Nogait fronça les sourcils en évaluant la portée de ce geste. Wellan avait tenté d’éviter un incident diplomatique en sollicitant l’intervention du Roi d’Émeraude, mais maintenant que la Princesse des Elfes se trouvait au château, le Chevalier sut que plus rien ni personne ne le persuaderait de la laisser repartir dans son propre pays.
— Il essaiera probablement de me reprendre, ajouta la jeune femme, mais je demanderai la protection d’Émeraude Ier.
— Et si cela n’est pas suffisant, je prendrai les armes contre ton peuple, même si je dois le faire seul, déclara Nogait sans réfléchir.
— Tu es très brave, mais ce ne sera pas nécessaire.
Elle posa un baiser sur ses lèvres et remarqua qu’il ne portait plus la pierre qu’elle lui avait offerte, Nogait sentit aussitôt sa question.
— Wellan l’a mise en lieu sûr, expliqua-t-il.
— Mais pourquoi ?
— Parce qu’elle a tenté de me tuer.
Les yeux verts d’Amayelle se remplirent d’effroi. Le Chevalier lui raconta de quelle façon la cordelette avait failli l’étrangler.
— Ce bijou possède des pouvoirs magiques que même mon père ne connaît pas, admit-elle. Il a été poli dans le pays de nos ancêtres par de grands mages. Comme je te l’ai déjà dit, chez moi, les enseignements sont strictement oraux, mais il arrive que certaines connaissances se perdent au fil des ans. Les Elfes sont loin d’être parfaits.

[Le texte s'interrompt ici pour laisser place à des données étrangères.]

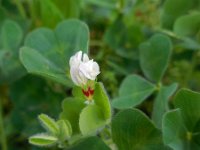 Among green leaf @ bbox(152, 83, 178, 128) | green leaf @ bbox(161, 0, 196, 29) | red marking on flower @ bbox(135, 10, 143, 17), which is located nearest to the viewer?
green leaf @ bbox(152, 83, 178, 128)

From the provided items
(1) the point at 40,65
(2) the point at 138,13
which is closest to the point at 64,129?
(1) the point at 40,65

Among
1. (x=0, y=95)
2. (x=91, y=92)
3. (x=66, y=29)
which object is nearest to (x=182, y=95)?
(x=91, y=92)

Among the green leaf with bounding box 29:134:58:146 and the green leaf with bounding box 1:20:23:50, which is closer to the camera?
the green leaf with bounding box 29:134:58:146

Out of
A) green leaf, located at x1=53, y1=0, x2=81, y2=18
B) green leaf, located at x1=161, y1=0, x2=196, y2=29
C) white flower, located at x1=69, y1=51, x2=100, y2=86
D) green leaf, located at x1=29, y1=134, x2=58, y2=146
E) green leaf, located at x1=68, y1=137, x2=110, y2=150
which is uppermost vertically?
white flower, located at x1=69, y1=51, x2=100, y2=86

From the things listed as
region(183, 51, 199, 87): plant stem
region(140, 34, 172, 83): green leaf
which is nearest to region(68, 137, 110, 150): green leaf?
region(140, 34, 172, 83): green leaf

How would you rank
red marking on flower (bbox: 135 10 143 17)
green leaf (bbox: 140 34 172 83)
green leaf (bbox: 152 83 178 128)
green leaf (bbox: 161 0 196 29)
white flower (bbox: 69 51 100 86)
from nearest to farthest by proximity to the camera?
white flower (bbox: 69 51 100 86)
green leaf (bbox: 152 83 178 128)
green leaf (bbox: 140 34 172 83)
green leaf (bbox: 161 0 196 29)
red marking on flower (bbox: 135 10 143 17)

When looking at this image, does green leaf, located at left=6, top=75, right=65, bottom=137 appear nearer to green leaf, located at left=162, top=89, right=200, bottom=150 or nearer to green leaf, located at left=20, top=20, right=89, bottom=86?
green leaf, located at left=20, top=20, right=89, bottom=86

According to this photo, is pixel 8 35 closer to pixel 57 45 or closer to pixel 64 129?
pixel 57 45

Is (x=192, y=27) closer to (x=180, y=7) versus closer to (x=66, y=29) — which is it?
(x=180, y=7) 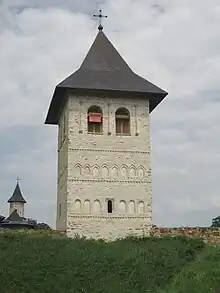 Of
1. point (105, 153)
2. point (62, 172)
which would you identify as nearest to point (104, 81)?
point (105, 153)

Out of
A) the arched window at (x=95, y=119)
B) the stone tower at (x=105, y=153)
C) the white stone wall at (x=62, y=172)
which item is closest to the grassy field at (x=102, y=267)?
the stone tower at (x=105, y=153)

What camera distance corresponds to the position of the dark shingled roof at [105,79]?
22.9 metres

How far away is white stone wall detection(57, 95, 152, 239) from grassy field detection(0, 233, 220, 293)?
85.9 inches

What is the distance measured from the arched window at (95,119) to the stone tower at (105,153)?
43mm

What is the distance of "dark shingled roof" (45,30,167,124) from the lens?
22906 millimetres

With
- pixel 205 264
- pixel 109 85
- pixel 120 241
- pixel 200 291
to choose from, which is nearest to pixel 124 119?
pixel 109 85

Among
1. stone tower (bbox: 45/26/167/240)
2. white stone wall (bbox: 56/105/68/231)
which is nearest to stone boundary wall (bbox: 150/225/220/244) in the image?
stone tower (bbox: 45/26/167/240)

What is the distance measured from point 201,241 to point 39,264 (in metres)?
6.66

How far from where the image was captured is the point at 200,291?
47.3 feet

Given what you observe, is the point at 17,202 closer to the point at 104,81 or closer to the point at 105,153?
the point at 104,81

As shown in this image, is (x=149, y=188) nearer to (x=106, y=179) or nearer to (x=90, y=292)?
(x=106, y=179)

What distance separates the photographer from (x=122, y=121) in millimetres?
23594

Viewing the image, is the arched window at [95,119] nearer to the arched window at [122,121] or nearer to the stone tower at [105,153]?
the stone tower at [105,153]

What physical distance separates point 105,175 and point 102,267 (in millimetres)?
5796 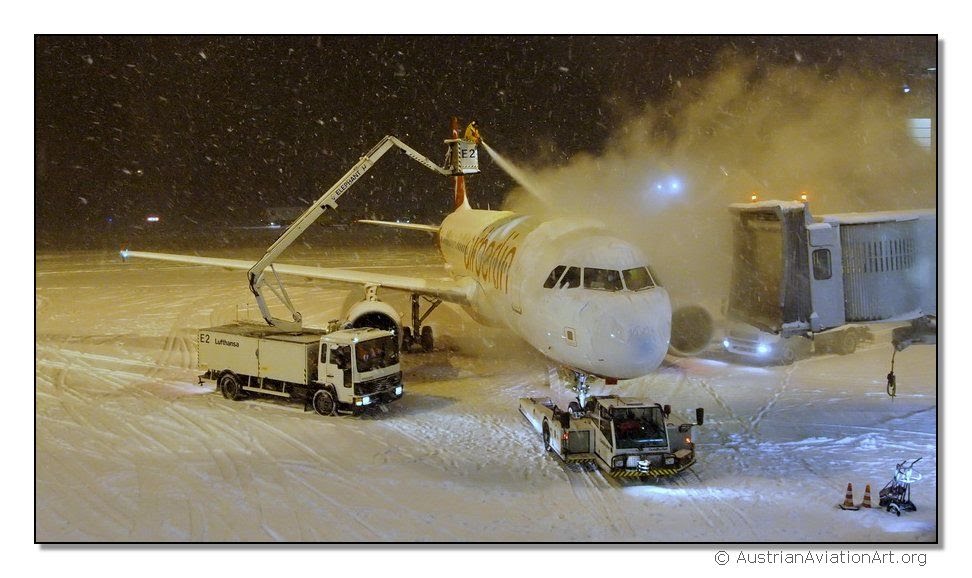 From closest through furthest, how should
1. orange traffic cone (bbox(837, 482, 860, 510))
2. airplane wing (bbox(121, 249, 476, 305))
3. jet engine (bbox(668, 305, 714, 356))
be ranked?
orange traffic cone (bbox(837, 482, 860, 510)) < jet engine (bbox(668, 305, 714, 356)) < airplane wing (bbox(121, 249, 476, 305))

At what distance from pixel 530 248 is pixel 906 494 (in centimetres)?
830

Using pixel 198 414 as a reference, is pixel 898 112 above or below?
above

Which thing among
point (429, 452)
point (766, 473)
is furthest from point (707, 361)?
point (429, 452)

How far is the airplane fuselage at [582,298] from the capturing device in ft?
46.0

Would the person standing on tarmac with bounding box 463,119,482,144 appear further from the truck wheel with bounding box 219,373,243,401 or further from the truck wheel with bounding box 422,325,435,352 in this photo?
the truck wheel with bounding box 219,373,243,401

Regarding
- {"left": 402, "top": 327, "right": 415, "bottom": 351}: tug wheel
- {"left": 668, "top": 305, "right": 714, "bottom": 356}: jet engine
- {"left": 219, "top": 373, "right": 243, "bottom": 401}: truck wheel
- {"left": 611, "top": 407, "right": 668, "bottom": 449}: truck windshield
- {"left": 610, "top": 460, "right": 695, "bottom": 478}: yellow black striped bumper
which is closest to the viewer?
{"left": 610, "top": 460, "right": 695, "bottom": 478}: yellow black striped bumper

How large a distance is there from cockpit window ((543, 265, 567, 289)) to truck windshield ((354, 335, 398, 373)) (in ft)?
11.6

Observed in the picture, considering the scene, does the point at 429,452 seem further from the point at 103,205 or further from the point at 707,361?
the point at 103,205

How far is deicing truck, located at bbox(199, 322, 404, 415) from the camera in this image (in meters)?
16.2

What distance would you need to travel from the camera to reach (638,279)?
14.9 meters

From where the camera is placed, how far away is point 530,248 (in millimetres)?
17219

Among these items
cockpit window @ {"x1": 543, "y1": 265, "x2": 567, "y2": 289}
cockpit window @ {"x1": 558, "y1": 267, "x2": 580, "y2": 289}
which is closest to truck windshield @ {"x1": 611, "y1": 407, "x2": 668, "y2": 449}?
cockpit window @ {"x1": 558, "y1": 267, "x2": 580, "y2": 289}

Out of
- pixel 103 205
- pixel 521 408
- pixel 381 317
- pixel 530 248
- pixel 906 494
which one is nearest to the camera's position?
pixel 906 494

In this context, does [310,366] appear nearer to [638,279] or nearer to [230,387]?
[230,387] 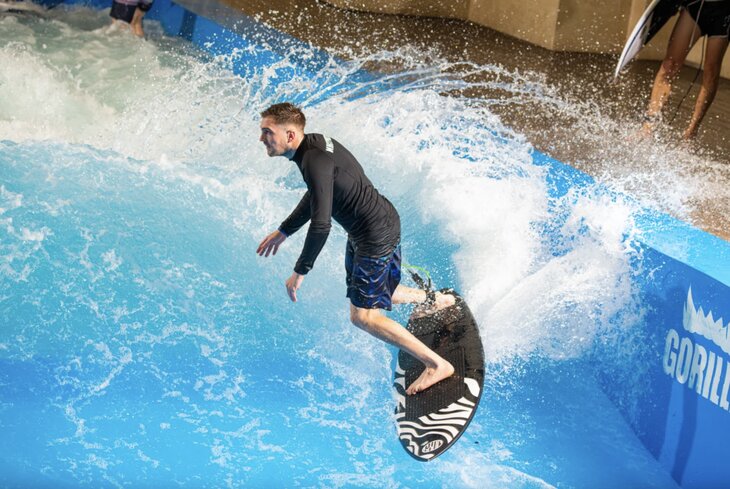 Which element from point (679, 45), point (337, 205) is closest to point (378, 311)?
point (337, 205)

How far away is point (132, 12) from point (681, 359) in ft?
21.5

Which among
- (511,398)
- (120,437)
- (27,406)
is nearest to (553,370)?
(511,398)

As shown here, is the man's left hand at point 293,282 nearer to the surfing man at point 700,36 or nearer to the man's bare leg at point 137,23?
the surfing man at point 700,36

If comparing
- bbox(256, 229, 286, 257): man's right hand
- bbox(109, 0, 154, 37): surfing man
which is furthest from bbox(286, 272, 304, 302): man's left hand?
bbox(109, 0, 154, 37): surfing man

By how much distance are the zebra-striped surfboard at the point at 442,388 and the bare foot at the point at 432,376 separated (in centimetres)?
A: 2

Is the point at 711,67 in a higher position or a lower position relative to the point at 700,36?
lower

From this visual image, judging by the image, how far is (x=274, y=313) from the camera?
4812 mm

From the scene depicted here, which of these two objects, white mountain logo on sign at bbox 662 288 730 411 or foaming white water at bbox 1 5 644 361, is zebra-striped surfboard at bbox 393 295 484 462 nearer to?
foaming white water at bbox 1 5 644 361

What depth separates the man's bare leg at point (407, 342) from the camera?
3.96 m

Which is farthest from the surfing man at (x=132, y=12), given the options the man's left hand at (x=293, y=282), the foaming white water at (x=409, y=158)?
the man's left hand at (x=293, y=282)

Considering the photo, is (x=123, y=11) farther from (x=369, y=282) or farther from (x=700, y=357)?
(x=700, y=357)

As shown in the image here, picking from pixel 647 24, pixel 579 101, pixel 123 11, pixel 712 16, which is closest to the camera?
pixel 712 16

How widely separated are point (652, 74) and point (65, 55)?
5.40 m

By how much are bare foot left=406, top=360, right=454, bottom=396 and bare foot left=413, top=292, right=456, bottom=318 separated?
1.65ft
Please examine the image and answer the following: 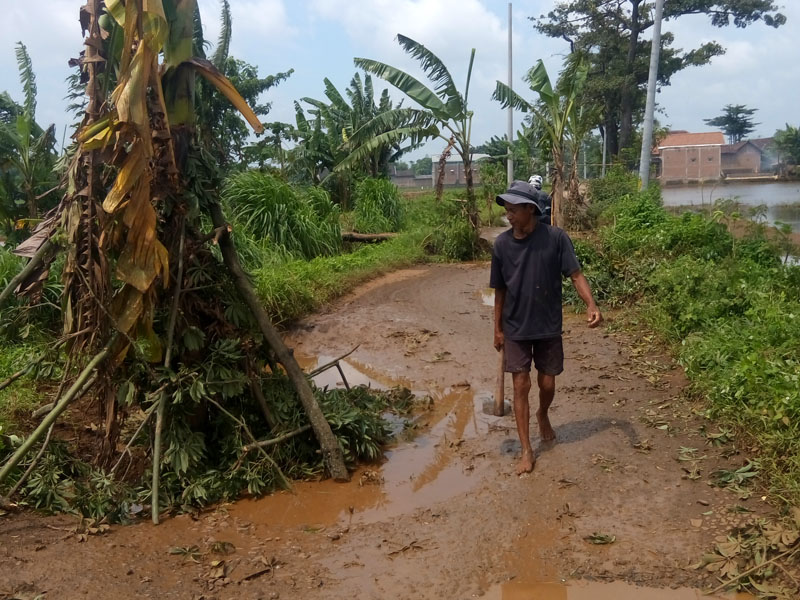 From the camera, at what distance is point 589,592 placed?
3340 mm

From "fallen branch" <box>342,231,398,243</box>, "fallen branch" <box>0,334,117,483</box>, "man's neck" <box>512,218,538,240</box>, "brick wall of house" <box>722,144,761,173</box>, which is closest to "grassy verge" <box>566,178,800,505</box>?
"man's neck" <box>512,218,538,240</box>

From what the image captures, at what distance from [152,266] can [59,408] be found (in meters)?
0.97

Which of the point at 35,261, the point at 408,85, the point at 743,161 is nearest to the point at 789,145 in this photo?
the point at 743,161

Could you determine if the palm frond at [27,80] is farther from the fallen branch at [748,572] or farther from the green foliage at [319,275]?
the fallen branch at [748,572]

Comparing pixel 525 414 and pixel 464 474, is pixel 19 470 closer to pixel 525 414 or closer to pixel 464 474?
pixel 464 474

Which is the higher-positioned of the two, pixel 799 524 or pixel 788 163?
pixel 788 163

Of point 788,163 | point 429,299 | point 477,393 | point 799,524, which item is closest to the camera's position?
point 799,524

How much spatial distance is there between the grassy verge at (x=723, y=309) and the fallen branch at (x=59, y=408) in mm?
3934

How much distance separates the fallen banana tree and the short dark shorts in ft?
4.58

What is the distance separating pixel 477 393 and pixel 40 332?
15.0ft

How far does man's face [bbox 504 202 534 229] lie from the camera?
4.37 m

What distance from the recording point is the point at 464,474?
4.89 metres

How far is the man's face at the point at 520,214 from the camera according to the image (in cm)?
437

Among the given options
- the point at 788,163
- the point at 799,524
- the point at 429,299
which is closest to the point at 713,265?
the point at 429,299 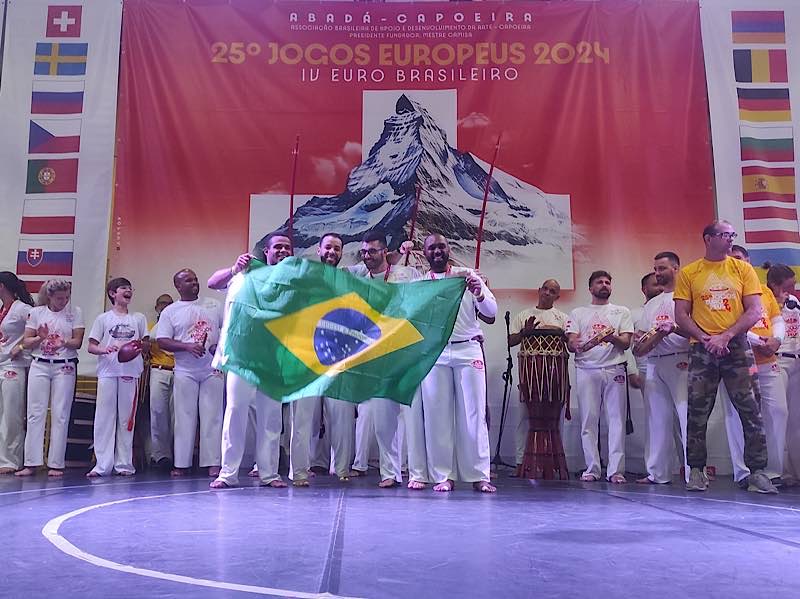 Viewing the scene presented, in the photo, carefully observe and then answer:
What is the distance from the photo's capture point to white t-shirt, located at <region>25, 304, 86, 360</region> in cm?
608

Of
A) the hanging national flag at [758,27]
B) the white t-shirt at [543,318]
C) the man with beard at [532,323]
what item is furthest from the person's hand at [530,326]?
the hanging national flag at [758,27]

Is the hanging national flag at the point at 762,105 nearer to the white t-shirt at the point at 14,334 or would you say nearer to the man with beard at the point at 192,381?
the man with beard at the point at 192,381

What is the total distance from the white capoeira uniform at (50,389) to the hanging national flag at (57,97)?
2.45m

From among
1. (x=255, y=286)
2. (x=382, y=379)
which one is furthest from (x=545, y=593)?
(x=255, y=286)

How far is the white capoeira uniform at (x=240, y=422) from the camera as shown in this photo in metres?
4.86

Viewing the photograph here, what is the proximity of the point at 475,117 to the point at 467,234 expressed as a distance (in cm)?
116

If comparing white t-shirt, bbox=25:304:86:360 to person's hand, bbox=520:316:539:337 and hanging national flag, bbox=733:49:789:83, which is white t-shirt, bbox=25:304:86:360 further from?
hanging national flag, bbox=733:49:789:83

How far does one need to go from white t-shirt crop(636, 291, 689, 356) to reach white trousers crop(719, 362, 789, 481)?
1.47 ft

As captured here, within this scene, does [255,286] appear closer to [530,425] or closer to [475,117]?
[530,425]

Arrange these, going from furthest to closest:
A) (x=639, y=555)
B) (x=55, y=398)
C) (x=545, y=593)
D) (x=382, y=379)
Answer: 1. (x=55, y=398)
2. (x=382, y=379)
3. (x=639, y=555)
4. (x=545, y=593)

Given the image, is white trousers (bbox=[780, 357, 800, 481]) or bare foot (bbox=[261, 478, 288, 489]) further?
white trousers (bbox=[780, 357, 800, 481])

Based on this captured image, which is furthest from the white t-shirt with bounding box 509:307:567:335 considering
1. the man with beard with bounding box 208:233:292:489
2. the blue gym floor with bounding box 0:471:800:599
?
the man with beard with bounding box 208:233:292:489

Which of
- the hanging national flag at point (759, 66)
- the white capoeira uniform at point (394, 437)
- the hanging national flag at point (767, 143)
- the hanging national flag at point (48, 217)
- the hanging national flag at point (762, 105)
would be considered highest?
the hanging national flag at point (759, 66)

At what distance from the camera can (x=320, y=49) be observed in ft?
25.1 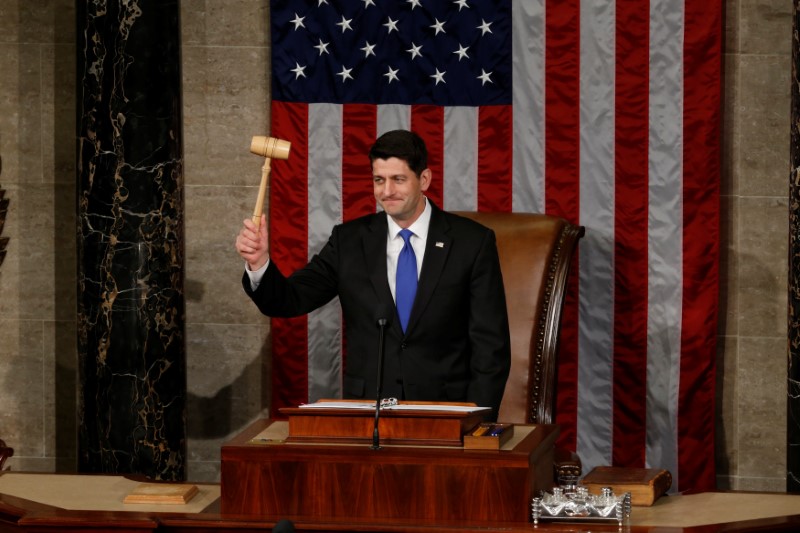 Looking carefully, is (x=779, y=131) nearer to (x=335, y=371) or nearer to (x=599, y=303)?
(x=599, y=303)

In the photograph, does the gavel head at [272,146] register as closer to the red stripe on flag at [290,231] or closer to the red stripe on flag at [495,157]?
the red stripe on flag at [290,231]

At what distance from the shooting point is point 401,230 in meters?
4.72

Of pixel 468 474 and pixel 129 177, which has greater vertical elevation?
pixel 129 177

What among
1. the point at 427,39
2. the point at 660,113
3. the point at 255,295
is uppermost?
the point at 427,39

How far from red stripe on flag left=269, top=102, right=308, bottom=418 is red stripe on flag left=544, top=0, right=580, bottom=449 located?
4.10ft

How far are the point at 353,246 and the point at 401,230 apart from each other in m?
0.20

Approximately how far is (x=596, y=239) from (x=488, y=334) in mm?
1924

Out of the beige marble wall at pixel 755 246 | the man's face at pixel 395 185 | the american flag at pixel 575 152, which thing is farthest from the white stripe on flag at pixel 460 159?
the man's face at pixel 395 185

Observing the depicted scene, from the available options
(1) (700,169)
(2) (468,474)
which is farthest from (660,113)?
(2) (468,474)

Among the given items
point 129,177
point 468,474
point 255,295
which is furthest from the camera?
point 129,177

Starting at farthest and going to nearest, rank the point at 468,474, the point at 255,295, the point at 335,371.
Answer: the point at 335,371, the point at 255,295, the point at 468,474

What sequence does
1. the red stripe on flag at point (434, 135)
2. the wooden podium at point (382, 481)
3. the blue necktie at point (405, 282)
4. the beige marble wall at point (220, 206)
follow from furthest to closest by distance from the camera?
the beige marble wall at point (220, 206) < the red stripe on flag at point (434, 135) < the blue necktie at point (405, 282) < the wooden podium at point (382, 481)

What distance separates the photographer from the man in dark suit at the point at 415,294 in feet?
14.8

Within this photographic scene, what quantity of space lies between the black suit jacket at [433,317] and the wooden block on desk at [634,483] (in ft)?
2.20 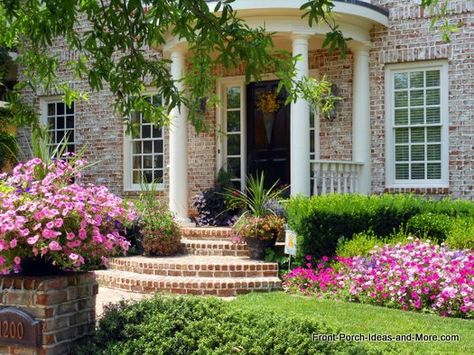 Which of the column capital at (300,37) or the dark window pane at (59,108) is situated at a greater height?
the column capital at (300,37)

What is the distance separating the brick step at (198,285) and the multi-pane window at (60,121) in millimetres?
6022

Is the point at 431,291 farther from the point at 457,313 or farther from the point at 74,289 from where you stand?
the point at 74,289

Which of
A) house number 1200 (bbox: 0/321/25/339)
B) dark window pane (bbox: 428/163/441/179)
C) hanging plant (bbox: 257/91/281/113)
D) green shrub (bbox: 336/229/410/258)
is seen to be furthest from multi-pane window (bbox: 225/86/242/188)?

— Donc, vous ne savez plus très bien ce que peut faire cette pierre, comprit Nogait. En tout cas, moi, je peux t’assurer qu’elle n’aime pas les humains.
— Je suis désolée, anyeth. Je ne te l’ai pas donnée pour qu’elle te fasse du mal.
— Je sais.
Amayelle se faufila dans ses bras et le serra de toutes ses forces. Il n’y avait plus aucun doute dans l’esprit du jeune guerrier : elle était l’âme sœur que les dieux avaient choisie pour lui.
— Nous la donnerons à notre fils, susurra-t-elle.
Il l’enlaça à son tour et s’abandonna corps et âme à leur étreinte. Ce matin-là, ils firent l’amour sans se soucier de toutes les forces liguées contre eux. De nouveau heureux, Nogait s’assoupit auprès de cette femme qu’il aimait de tout son cœur.